History of the Judicial Appointments Commission

The creation of the JAC was an important move towards greater separation of powers between the legislature, the executive and the judiciary, and a significant step forward for the constitution and the Country.

In 2003 the Government announced its intention to change the system for making appointments to judicial offices in England and Wales. The reform was an important step towards strengthening the drive to officially enshrine judicial independence in law, enhancing accountability and ensuring greater public confidence.

Lord Falconer, then Secretary of State for Constitutional Affairs, asserted that it was no longer acceptable for judicial appointments to be entirely in the hands of a Government Minister.

Accordingly, he announced the Government’s intention to establish an independent Judicial Appointments Commission (JAC) to recommend candidates for judicial appointments on a more transparent basis.

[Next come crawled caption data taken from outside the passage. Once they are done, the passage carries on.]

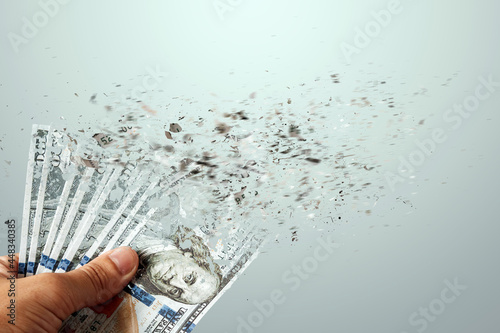Hundred dollar bills fly to dust in a man's hand. Loss of money, big expenses, loans, mortgages.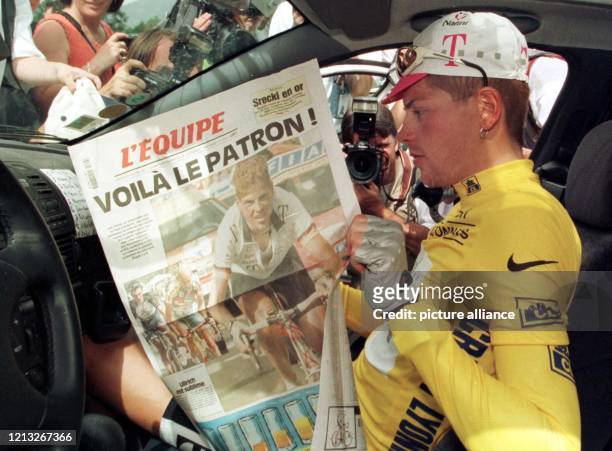 Der deutsche Radprofi Jan Ullrich vom Team Deutsche Telekom liest im Gelben Trikot des Spitzenreiters der Tour de France am 16.7.1997 vor dem Start...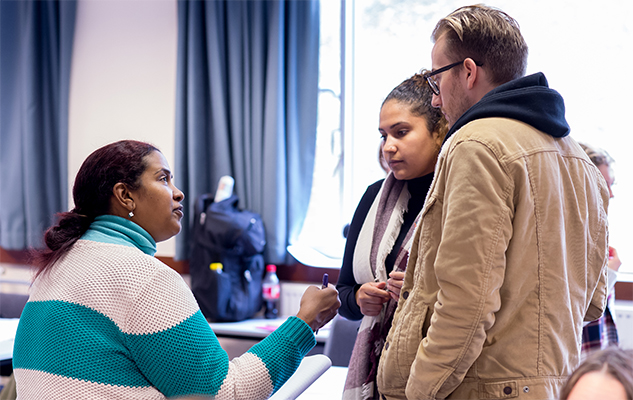 Students talking to a tutor at the University of Sussex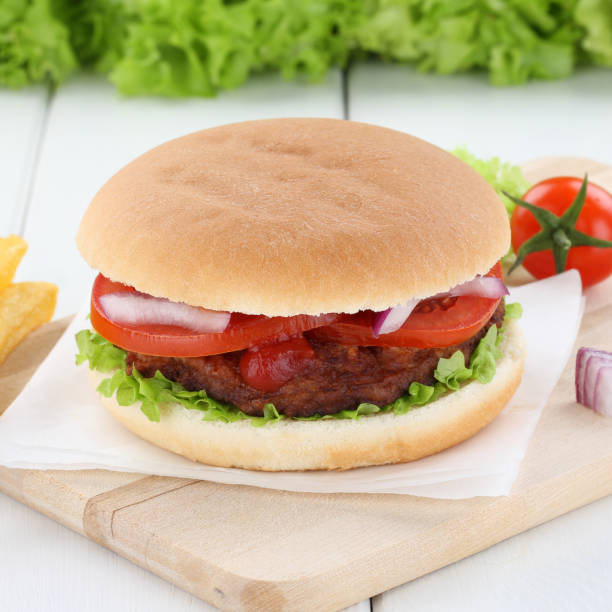 istock Hamburger fresh beef onion tomatoes lettuce 641161246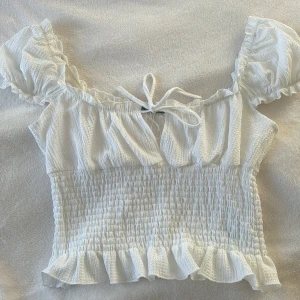 Vit topp från Gina Tricot - Säljer en söt vit topp från Gina Tricot med volanger och knytning framtill. Toppen är croppad och har korta ärmar med en smockad design som ger en fin passform. Perfekt för varma dagar!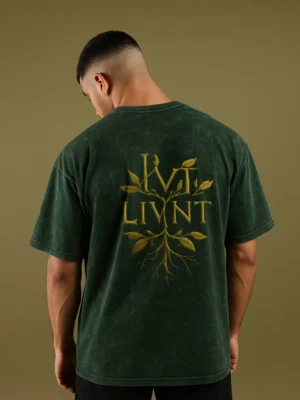 Model wearing a green acid-wash oversized T-shirt with LIVNT botanical logo on the back, unisex streetwear style.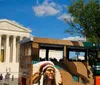 A hop-on hop-off tour trolley passes in front of the US Capitol building on a sunny day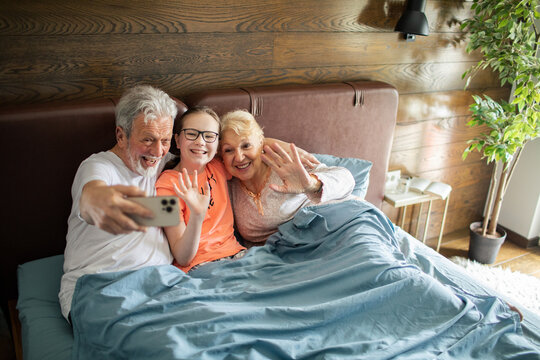 Grandparents and grandchild taking selfie in bed at home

Following extensive consultation, the Constitutional Reform Act 2005 (CRA) received Royal Assent in March 2005. The Act enshrined in law the independence of the judiciary and radically changed the way Judges are appointed.

As a result of the Act, the JAC was formally established on 3 April 2006.

Under the CRA, the JAC’s statutory duties are to:

  • select candidates solely on merit
  • select only people of good character
  • have regard to the need to encourage diversity in the range of persons available for judicial selection

The judicial appointments for which the JAC makes selections are set out in Schedule 14 to the CRA.